We use mental shortcuts to help us make quick decisions. Daniel Kahneman, in his book ‘Thinking Fast & Slow’, refers to it as System 1 thinking. It is useful for day-to-day decision making but it can trip us up. The famous ‘impossible trident’ is evidence of this.
The decisions we make with our money can be subject to these heuristics. When there is either complex information to process or outcomes that might be harder to visualize we use system 1 thinking to guide us.
While that can help us get through the day, applying it to something as important as our financial decisions can have more significant consequences.
A classic example is the value we put on having a lump sum now rather than an income for life. Most people would opt for a lump sum even if the regular income is likely to provide a greater benefit over the long term. Or, as a minimum, require less decision-making. The thousands of final salary pension members who decided to give up the security of their annual income to be able to transfer the capital value to a private pension attest to that.
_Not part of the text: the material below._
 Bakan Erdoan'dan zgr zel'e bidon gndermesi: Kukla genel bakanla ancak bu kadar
But the opposite can also be true.
The baby boomers enjoying their gold-plated final salary pensions each year in retirement are the envy of the current working population; no risk, no cost just an inflation-linked income for life (and 1/2 for a surviving spouse too, thank you very much). But ask someone if they would like to swap the value of the private pension pot for an annuity (an income payable for life with the option to provide for a spouse and have it increasing each year) and you’ll be given short shrift. “I’d prefer to keep control of the capital thanks!”
They are both the product of a long career but the perceived difference is that the private pension was a result of personal contributions that produced a capital value. The focus is on what is given up not on what is gained.
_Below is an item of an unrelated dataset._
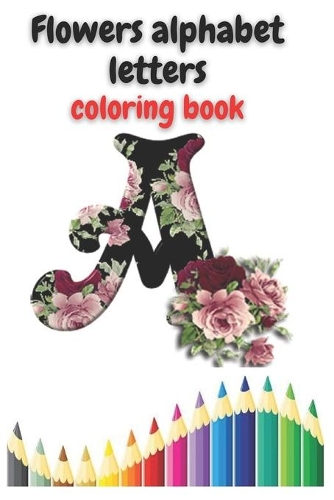 Flowers alphabet letters coloring book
Or what about our understanding and perceptions of risk?
The cautious investor fears what a stock market crash will do to his money, preferring instead the sanctuary of a savings account or Premium Bonds (yes, winning the jackpot is possible but it is not likely), all the while blissfully ignorant of the much more malignant long-term effects of inflation.
And the DIY investor who conflates activity with proactivity? Like the novice fisherman who constantly reels in his line to check the bait is still on the hook, the novice investor believes the highest returns come from regular trading and finding the ‘best’ funds. Conversely, like the successful fisherman, the secret to successful investing is patience.
Once we are aware of these subconscious biases we can make more thoughtful, informed decisions without the overriding filter of emotion to derive better outcomes.